Let's suppose a function $z=f(x, y)$ which has linear relationship with the distance from origin. For example we have a function $z=f(x, y)=max(-a \sqrt{x^2+y^2}+b,0)$, where $a,b>0$. And we're calculating it's double integral $\int_{\infty}^{-\infty} \int_{\infty}^{-\infty} f(x, y) \,dx \,dy$. Since the function involves max function, it would be easier to integrate it in polar coordinate form. So I'm wondering will the above double integral equals to $\int_{0}^{\frac{b}{a}} \int_{0}^{2\pi} -ar+b \,d\theta\ r \,dr$? Cause if both of them equals to the other, integrating through polar coordinate is definite integration compare to indefinite integration, which is way easier.

Answer 1

Short answer: The two integrals do equal, and are both definite as the bounds of the integration are given.
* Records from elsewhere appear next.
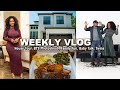 😱WEEKLY VLOG: A House Tour🔥BTS Photoshoot Day, Family Fun, Baby Talk,Twins + More|Msnaturally Mary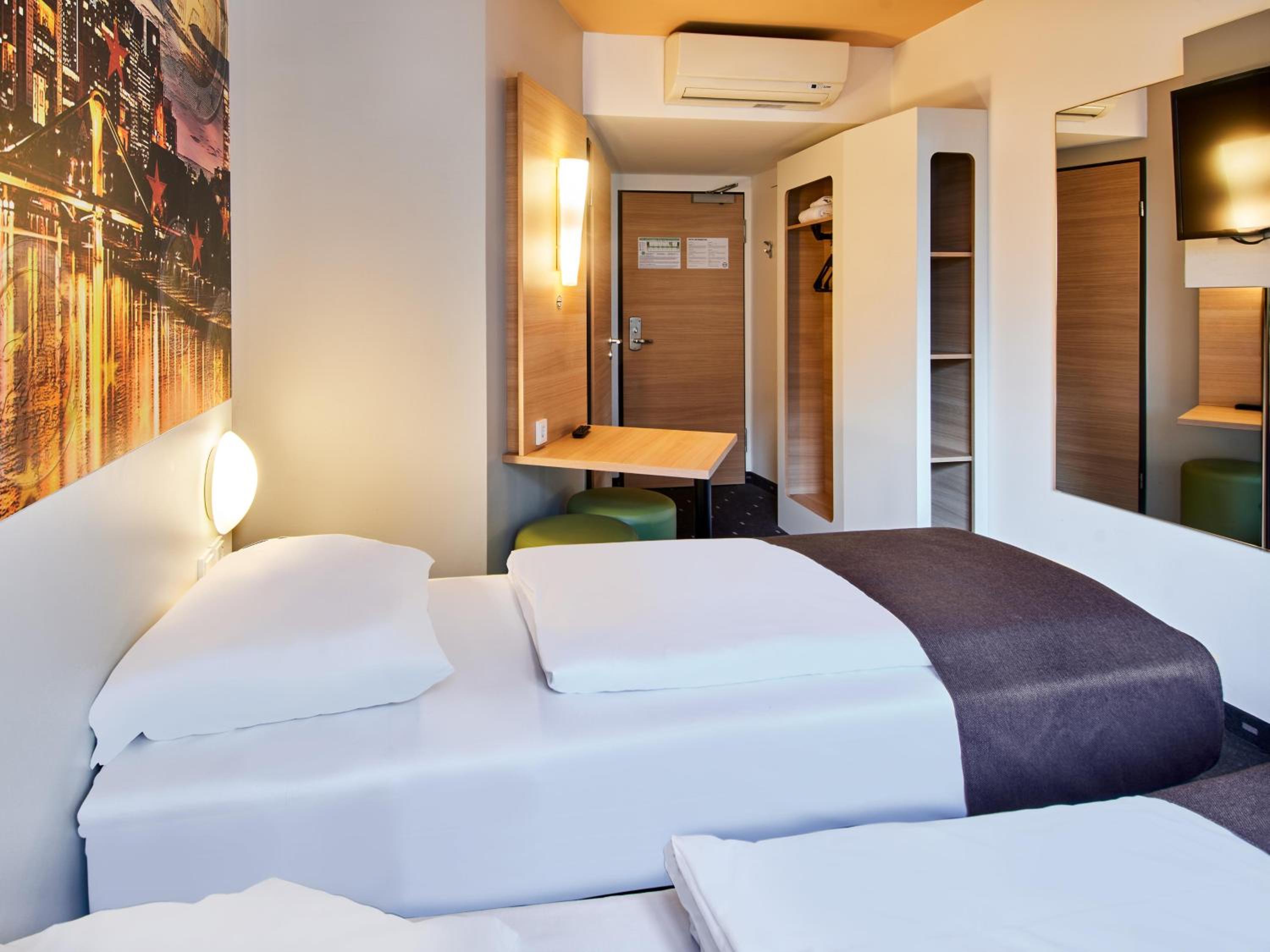 BB Hotel Frankfurt City-Ost - Property Image 4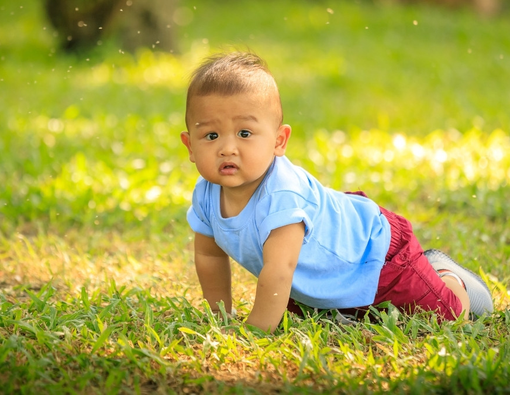 Kapan Bayi Mulai Bisa Merangkak? Ini Faktanya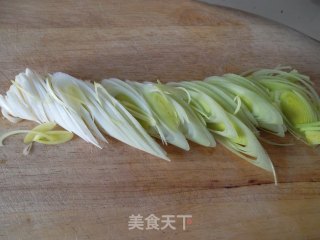 蘑菇大葱煎饼的做法步骤：3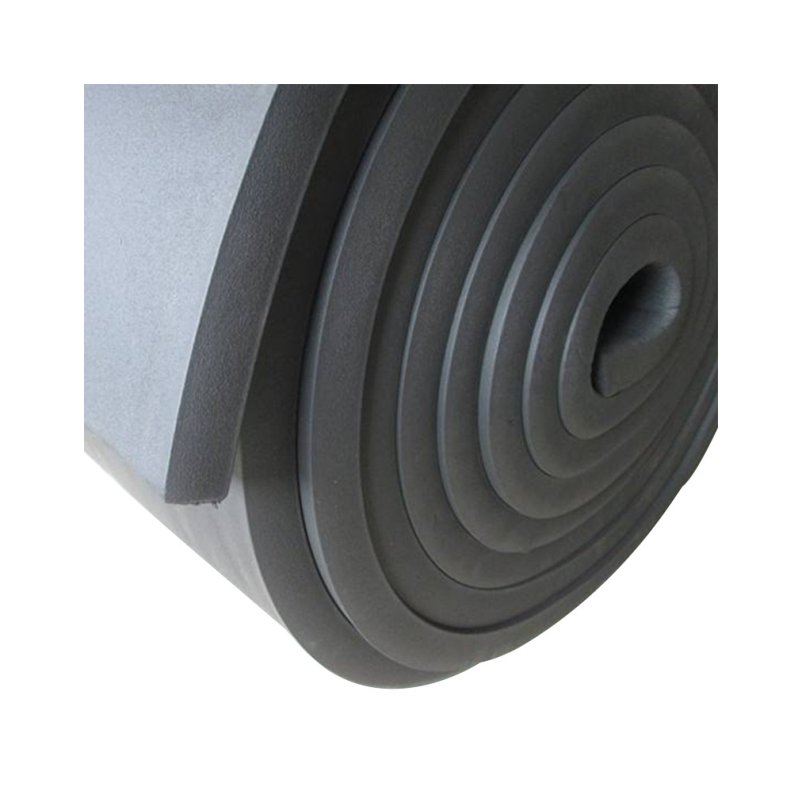 High Density Heat Resistant Flexible Rubber Foam Thermal Cryogenic Insulation Sheet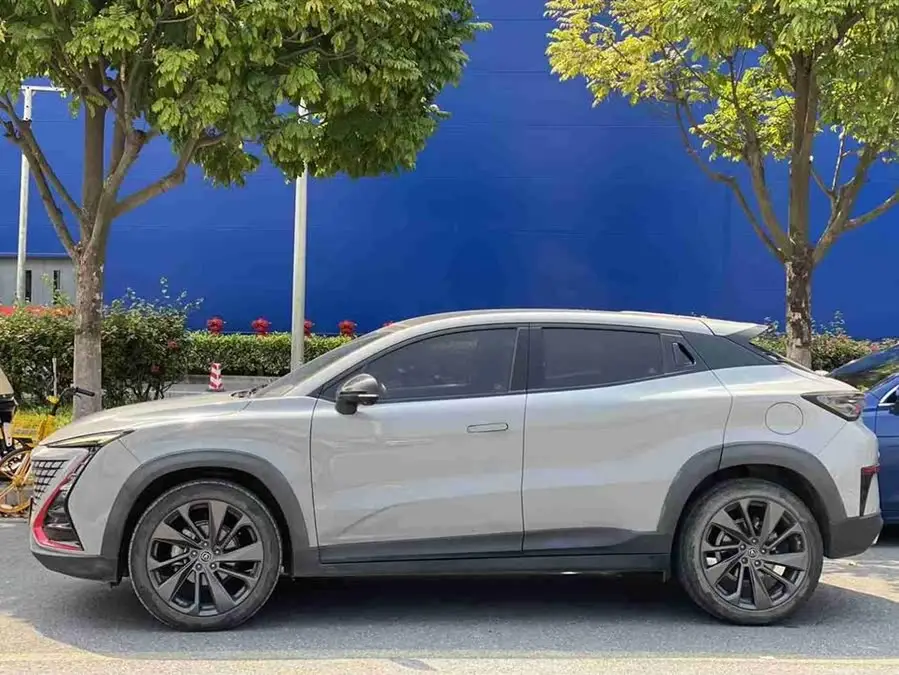 Changan UNI-T 2020 1.5T Premium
Long Answer: If we take your function to be, $$z=f(x,y)= \begin{cases} b-a\sqrt{x^2+y^2}, & \text{for}\sqrt{x^2+y^2}\le\frac{b}{a} \\ 0, & \text{for}\sqrt{x^2+y^2}\ge\frac{b}{a} \end{cases}=g(r,\theta)= \begin{cases} b-a r, & \text{for }r\le\frac{b}{a} \\ 0, & \text{for }r\ge\frac{b}{a} \end{cases}$$

Which 'breaks' you function into two regions, hence the integral can also be broken in to two regions. And if we take the

Then your integral, in x and y is $$\int_{\infty}^{-\infty} \int_{\infty}^{-\infty} f(x, y) \,dx \,dy= \iint_{\sqrt{x^2+y^2}\le\frac{b}{a}} b-a\sqrt{x^2+y^2} \,dx\,dy+ \iint_{\sqrt{x^2+y^2}\ge\frac{b}{a}} 0 \,dx\,dy $$ or in polars $$\int_{\infty}^{-\infty} \int_{\infty}^{-\infty} f(x, y) \,dx \,dy= \iint_{r\le\frac{b}{a}} b-ar \,dr\,rd\theta+ \iint_{r\ge\frac{b}{a}} 0 \,dr\,rd\theta$$

and as the integral of zero across any region is zero, thus the integral of zero disappear. Hence $$\int_{\infty}^{-\infty} \int_{\infty}^{-\infty} f(x, y) \,dx \,dy= \int_{0}^{\frac{b}{a}} \int_{0}^{2\pi} -ar+b \,d\theta \,rdr$$ Hopfully that helps.